The caveat is that, unlike most of the problems that we've solved in this course, hash tables don't enjoy worst case guarantees. You cannot say for a given hash table that for every possible data set you're gonna get cost and time. What's true is that for non-pathological data, you will get cost and time operations in a properly implemented hash table.

***
##### Properties of Hash function:
1. Should lead to good performance (i.e. should spread data out)
2. Should be easy to evaluate / fast to calculate
<br>
 And in particular good hash functions that have the two properties we identified above. But I have to warn you, if you ask ten different, you know, serious hardcore programmers, you know, about their approach to designing hash functions, you're likely to get ten somewhat different answers. So the design of hash functions is a tricky topic, and, it's as much art as science at this point.
*** 

##### Resolving Collisions: 
    1. Chaining  
    2. Open addressing(linear probing and double hashing)

***

## Quick and Dirty Hash Function
In particular if you just need a hash function, and you need a quick and dirty one, you don't want to spend too much time on it. The method that I'm going to talk about below is a common way of doing it. On the other hand, if you're designing a hash function for some really mission-critical code, you should learn more than what I'm gonna tell you about below. So you, you should do more research about what are the best hash functions, what's the state of the art, if you have a super important hash function.

There are standard methods for doing that, it's easy to find resources to, to give you example code for converting strings to integers you know, I'll just say one or two sentences about it. So you know each character in a string it is easy to regard as a number in various ways. Either you know just say it is ASCII, well ASCII code then you just have to aggregate all of the different numbers, one number per character into some overall number and so one thing you can do is you can iterate over the characters one at a time. You can keep a running sum. And with each character, you can multiply the running sum by some constant, and then add the new letter to it, and then, if you need to, take a module list to prevent overflow.

![Quick and Dirty Hash Function](images/4_quick_and_dirty_hash_function.png)


# XV. UNIVERSAL HASHING 
If we have our set h that we know exactly what it is. What does it mean that it's universal? It means for each pair of distinct keys, for example for each pair of IP addresses, the probability that a random hash function from our family script h causes a collision, maps these two IP addresses to the same bucket should be no worse than with perfectly random hashing. So no worse than 1/n where n is the number of buckets, say like 997.
So  if you draw a hash function uniformly at random from a universal family of hash functions, then you're guaranteed expected constant time for all of the supported operations. 

![UNIVERSAL HASHING](images/5_universal_hashing.png)

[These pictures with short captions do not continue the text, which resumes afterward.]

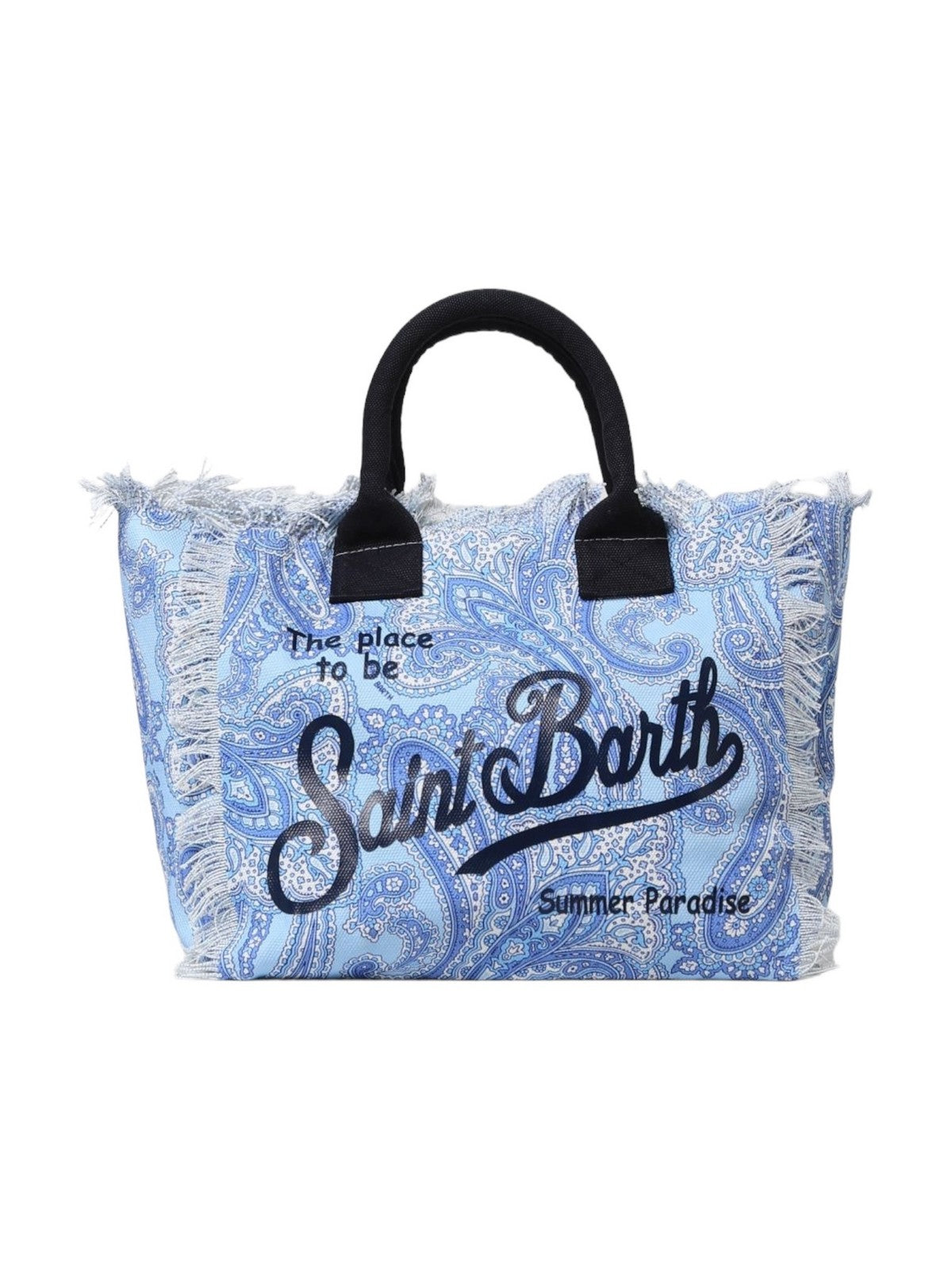 MC2 SAINT BARTH Borsa Donna VANITY 05690F Blu gioboutiqueweb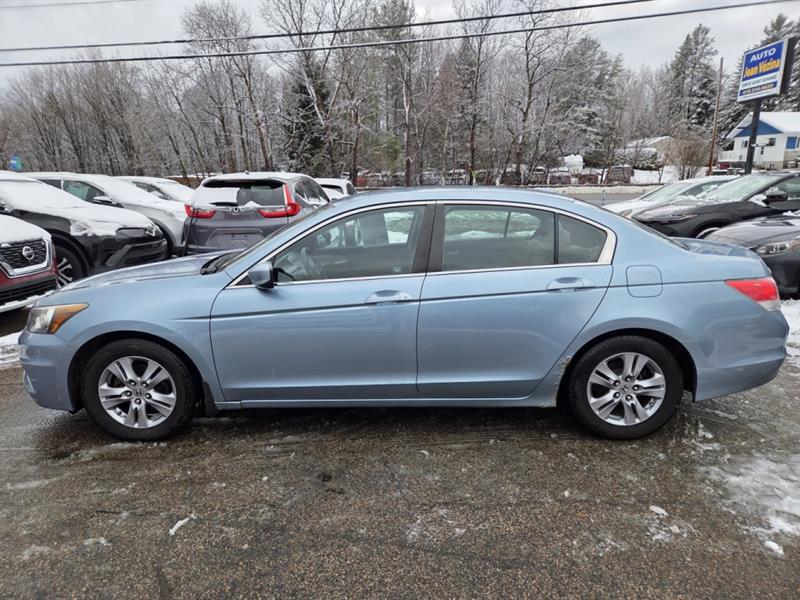 honda Accord Sedan 2012 - 9
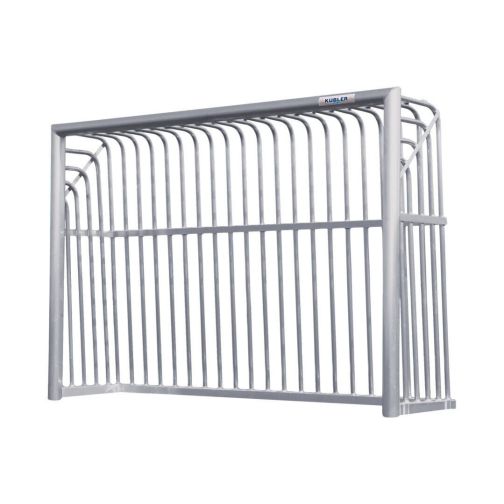 Kübler Sport® Street Soccer Goal ALU SOLID SILENCE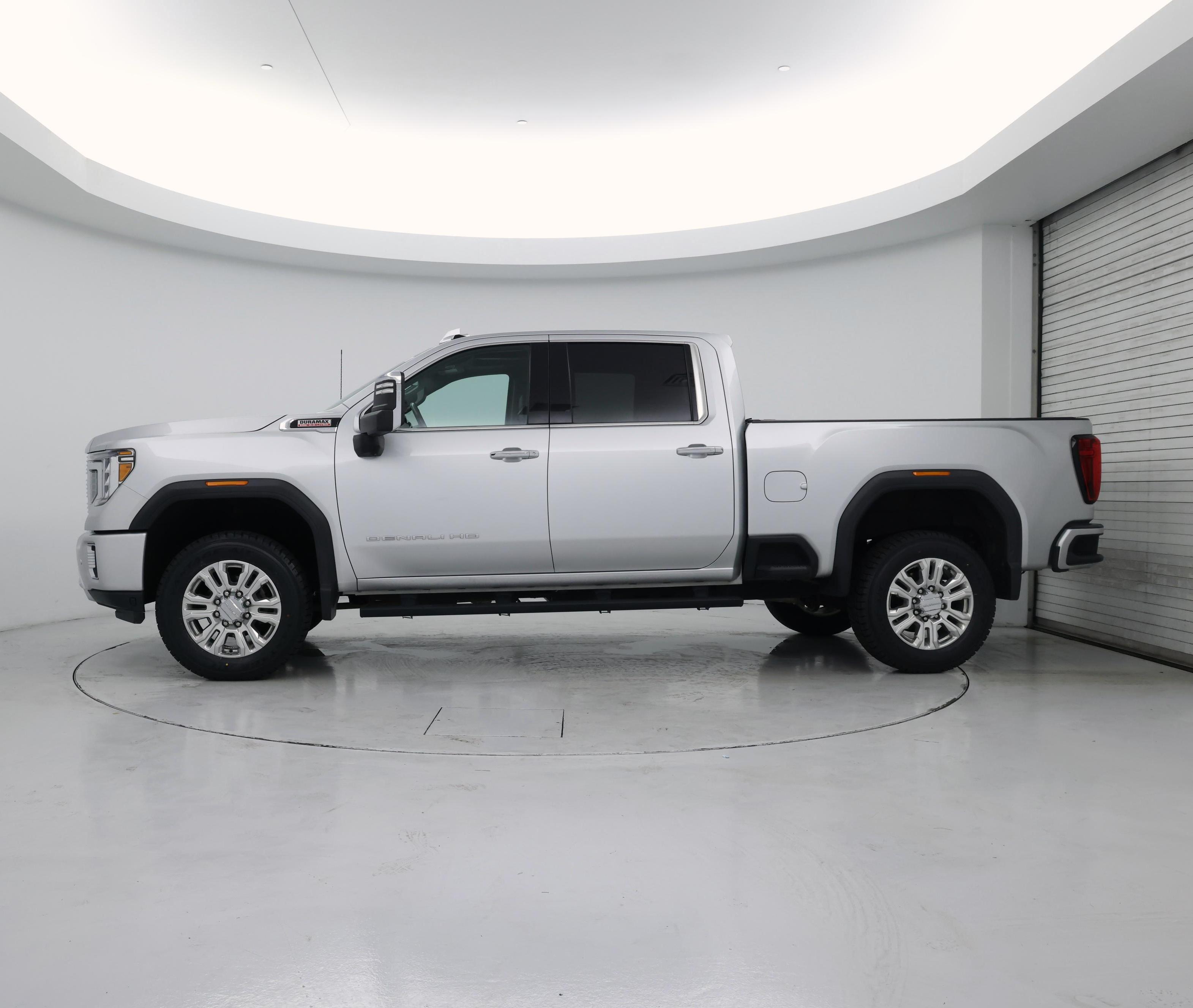 Thumbnail: 2020 GMC Sierra 3500 - 3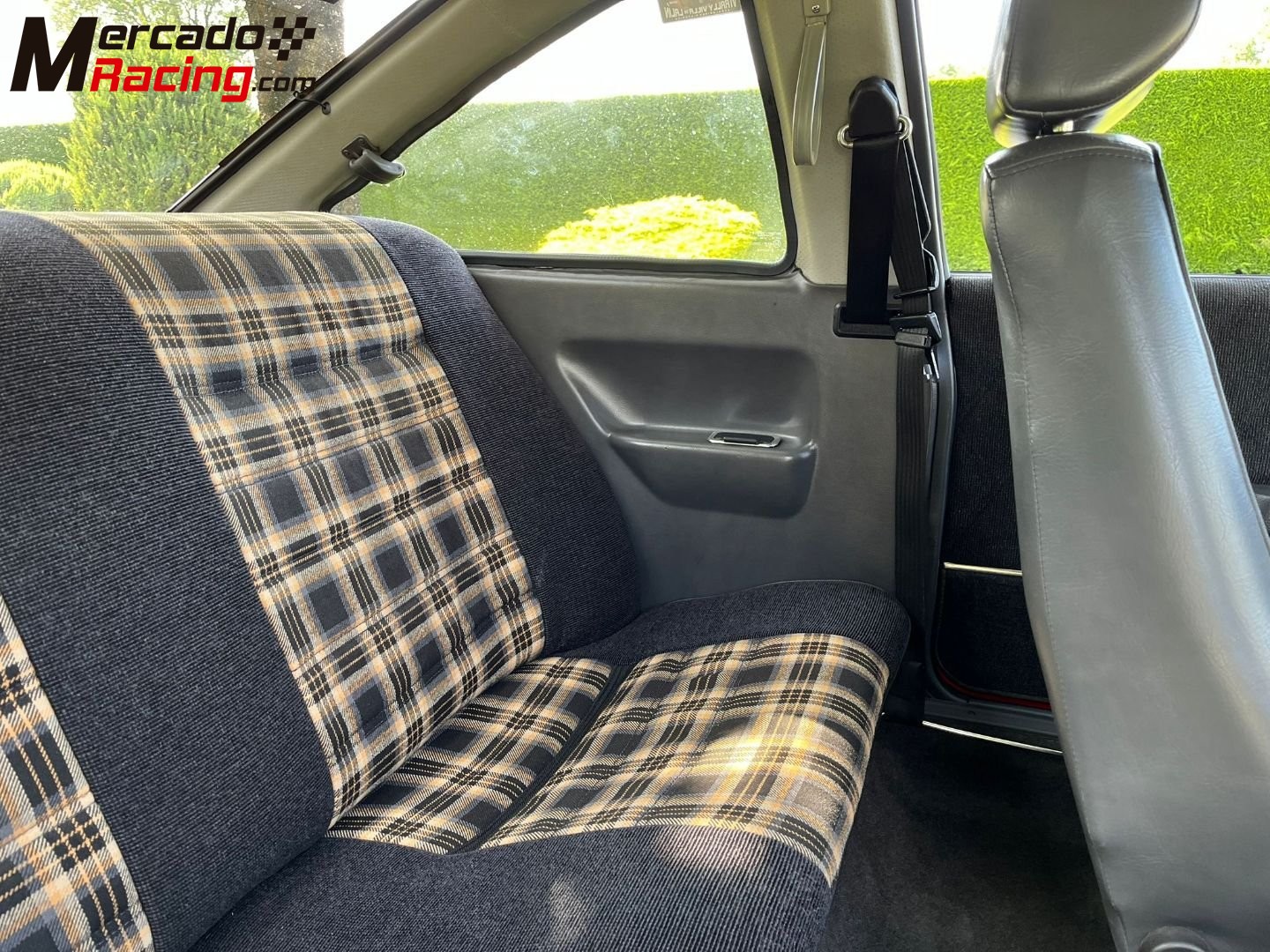 Opel manta 2.0 gt e impecable 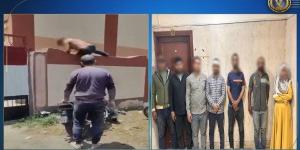 الطلاق وسنينه.. الداخلية تكشف تفاصيل مشاجرة مدرسة دمياط | فيديو - هرم مصر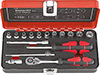 N10092: Assortimento di chiavi a bussola; FORMAT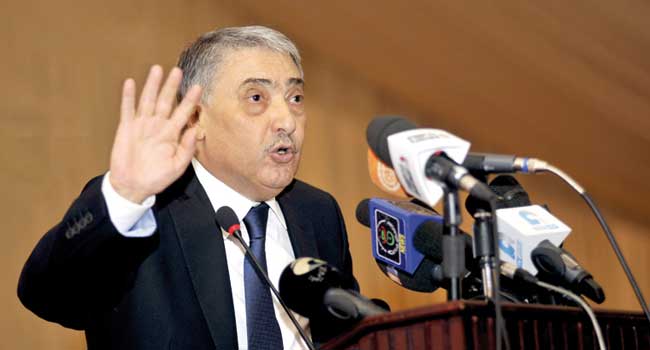 Algérie- Benflis rejette les résultats des présidentielles et dénonce une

So hash tables support various operations, Insert, Delete and Lookup. But really if we can just bound a running time of an unsuccessful lookup, that's going to be enough to bound the running time of all of these operations. 

So, as long as you have a hash function which you can compute quickly in constant time. And as long as you keep the load under control so the number of buckets is commensurate with the size of the data set that you're storing. That's why, universal hash functions in a hash table with chaining guarantee expected constant time performance.